# has reality tv gone too far?



## dgjamison (Jul 6, 2009)

Hi I watched a tv program last night called "Tiara's and toddlers", I was appalled at the content of this program. Has anyone else seen it? IMO this is a form of child abuse, and feel these programes should be banned. Have we let these reality tv programmes go too far?? To see little children with false eyelashes, spray tans, hairpieces, and makeup, dancing and pursing their lips like adults is disgusting Did anyone else see this program? would love to hear your opinions


----------



## MandyB (Jan 14, 2010)

I agree 100% it is child abuse and should be stopped.


----------



## dgjamison (Jul 6, 2009)

MandyB said:


> I agree 100% it is child abuse and should be stopped.
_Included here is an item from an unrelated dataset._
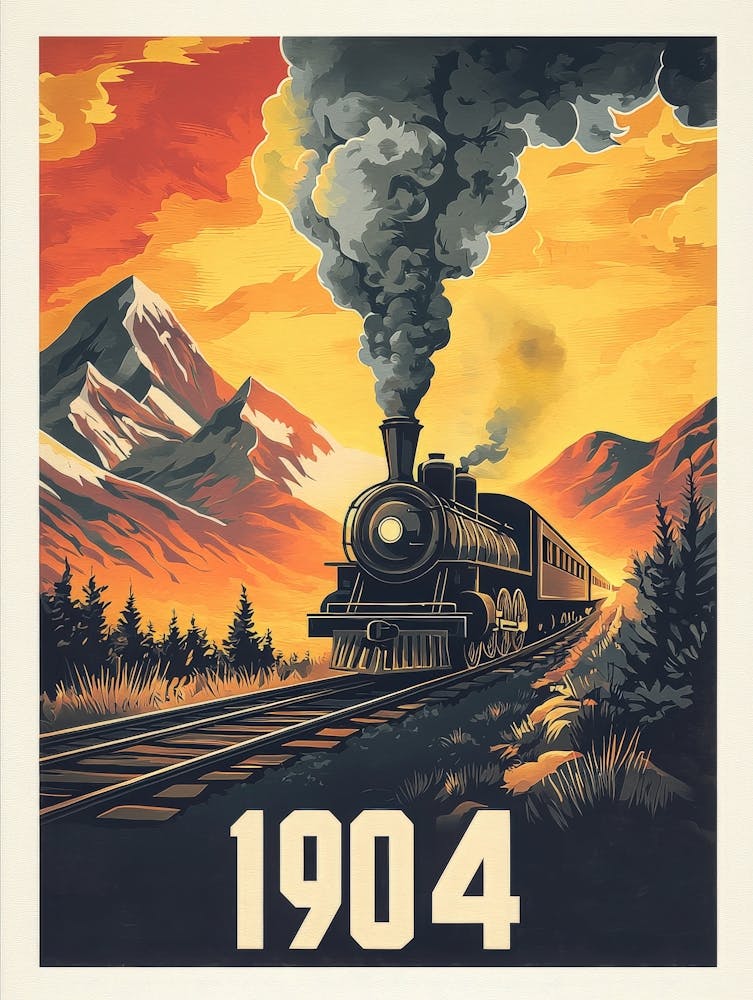 Aihrgdesign A Retro Poster Of A Steam Locomotive Traveling Th 0e80c41e Ac89 4bff 9ce9 052186e5b745 1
agree, the mothers are unbelievable, one little boy approx 18months was screaming he did'nt want to" Perform", his mother was furious, it made me sick. When I see these little girls, some as young as 2yrs made up like glamour models, i shudder to think of those old wierdos watching these kids. It is really sick and needs to be completly banned with no loopholes


----------



## capstonic (Feb 27, 2010)

dgjamison said:


> Hi I watched a tv program last night called "Tiara's and toddlers", I was appalled at the content of this program. Has anyone else seen it? IMO this is a form of child abuse, and feel these programes should be banned. Have we let these reality tv programmes go too far?? To see little children with false eyelashes, spray tans, hairpieces, and makeup, dancing and pursing their lips like adults is disgusting Did anyone else see this program? would love to hear your opinions


I dont think so. I think its the development of mind of the children. If a child learns a topic in the age of 5 rather than 18, i think its the growth of the brain. We have tried a lot to become more and more professional.


----------